Scripting

Table of Contents

17.1. Using the system environment: os and sys modules
17.2. Running Programs
17.3. Parsing command line options with getopt
17.4. Parsing
17.5. Searching for patterns.
17.5.1. Introduction to regular expressions
17.5.2. Regular expressions in Python
17.5.3. Prosite
17.5.4. Searching for patterns and parsing

17.1. Using the system environment: os and sys modules

There are modules in the Python library that help you to interact with the system.
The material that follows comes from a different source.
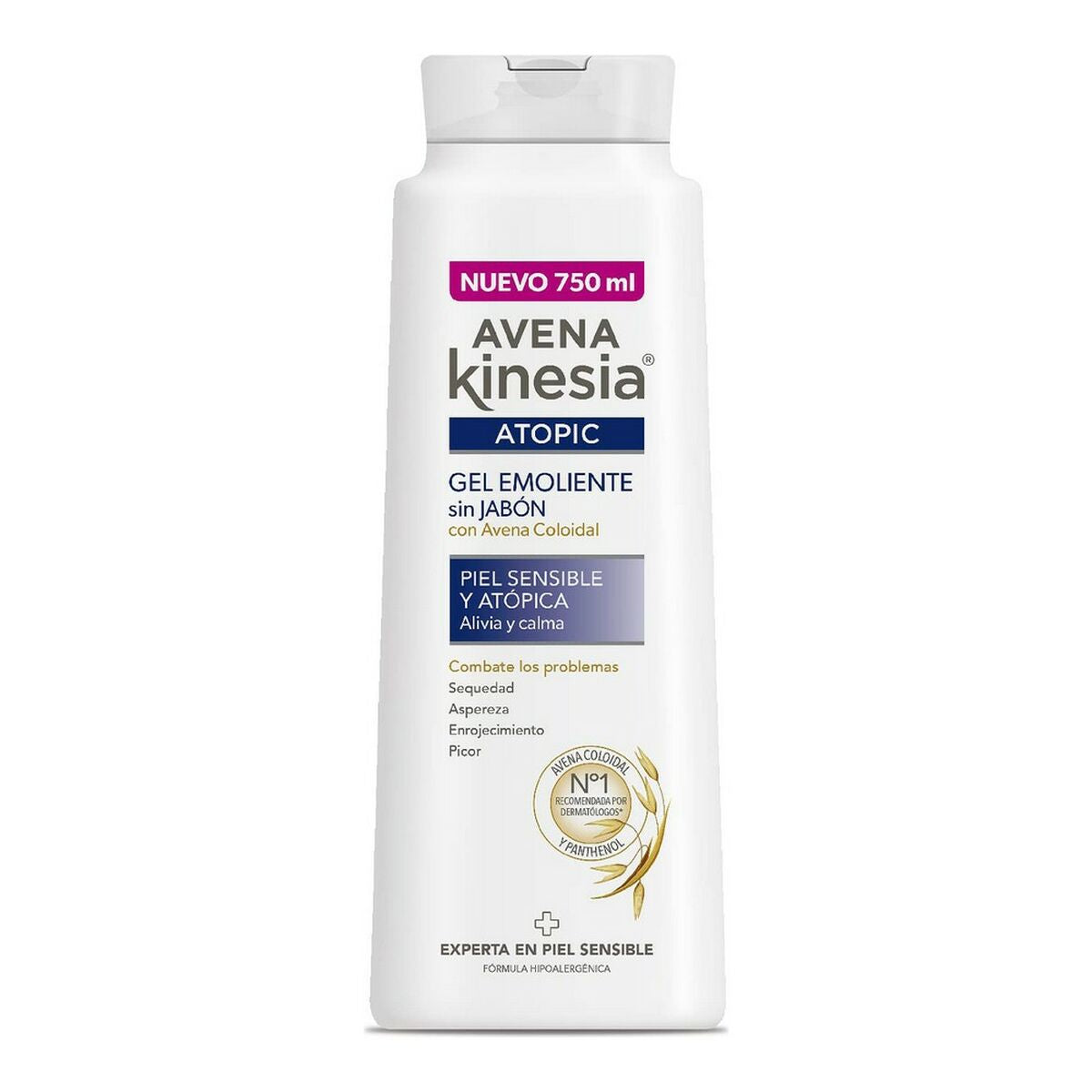 Shower Gel Without Soap Avena Kinesia Avenatopic (750 ml)-0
The sys module.  The sys module provides an interface with the Python interpreter: you can retrieve the version, the strings displayed as prompt (by default: '>>>' and '...'), etc... You can find the arguments that were provided on the command line:

% python -i prog.py myseq.fasta
>>> import sys
>>> sys.argv
['prog.py', 'myseq.fasta']
	
The file handle for the standard input, output and error are accessible from the sys module:

>>> sys.stdout.write("a string\n")
a string
>>> sys.stdin.read()
a line
another line
'a line\nanother line\n'                                                  (1)
	    
1

You have to enter a Ctl-D here to end the input.
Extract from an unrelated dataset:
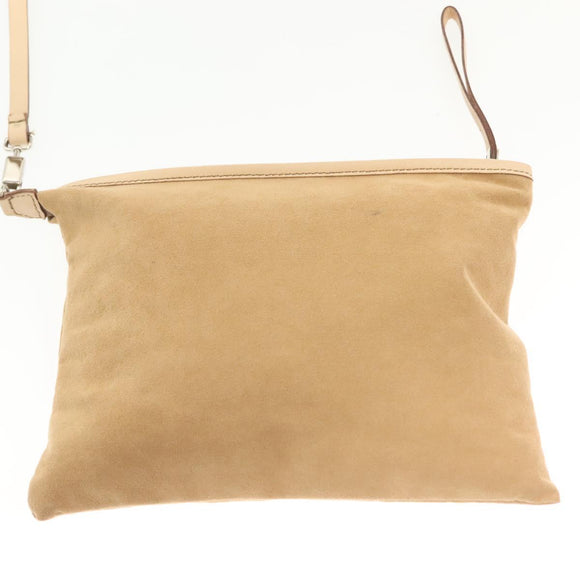 Salvatore Ferragamo Gancini Tote Bag Vinyl Brown Auth BA5292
The os module.  This module is very helpful to handle files and directories, processus, and also to get environment variables (see environ dictionary). One of the most useful component is the os.path module, that you use to get informations on files:

>>> import os.path
>>> os.path.exists('myseq.fasta')
1
>>> os.path.isfile('myseq.fasta')
1
>>> os.path.isdir('myseq.fasta')
0
>>> os.path.basename('/local/bin/perl')
'perl'
	  

Exercise 17.1. Basename of the current working directory

Write the statements to display the basename of the current working directory.

The os.path module provides a method: walk that enables to walk in all the directories from a starting directory and to call a given function on each.

Example 17.1. Walking subdirectories

The following code displays for each directory its name and how many files it contains:

>>> def f(arg, dirname, fnames): 
...     print dirname, ": ", len(fnames)

>>> os.path.walk('.', f, None)
	  
The arguments of function f must be: dirname, which is the name of the directory, and fnames which is a list containing the names of the files and subdirectories in dirname. arg is a free parameter, that is passed to walk (here: None).

Exercise 17.2. Finding files in directories

Find a file of a given name and bigger than a given size in a directory and its sub-directories. Only consider files, not directories.